Input:
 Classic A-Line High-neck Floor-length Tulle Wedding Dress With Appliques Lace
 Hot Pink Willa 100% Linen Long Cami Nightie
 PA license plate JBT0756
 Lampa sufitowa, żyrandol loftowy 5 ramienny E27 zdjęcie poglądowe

...

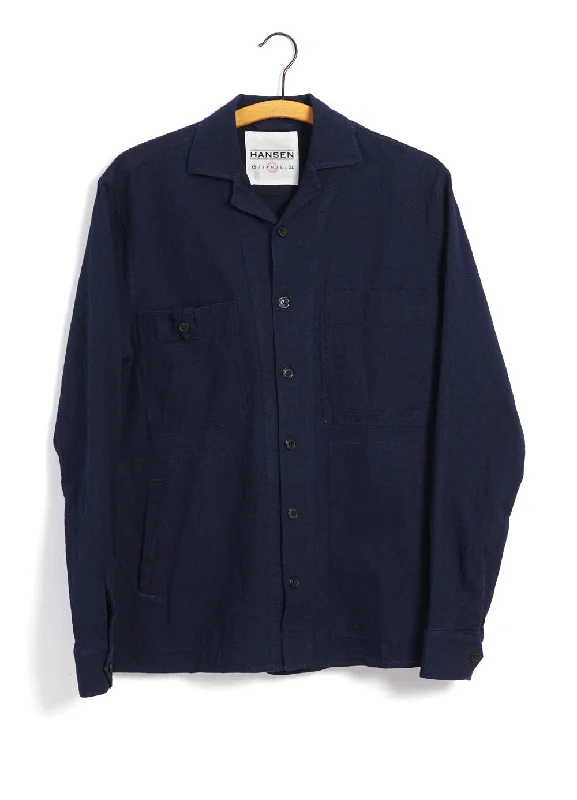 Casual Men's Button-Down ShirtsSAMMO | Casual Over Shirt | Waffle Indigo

Requirement: Find "PA license plate JBT0756" in the entries above and copy that whole line exactly, then each line after it through the line that contains "Lampa sufitowa, żyrandol".

Problem solution:
 PA license plate JBT0756
 Lampa sufitowa, żyrandol loftowy 5 ramienny E27 zdjęcie poglądowe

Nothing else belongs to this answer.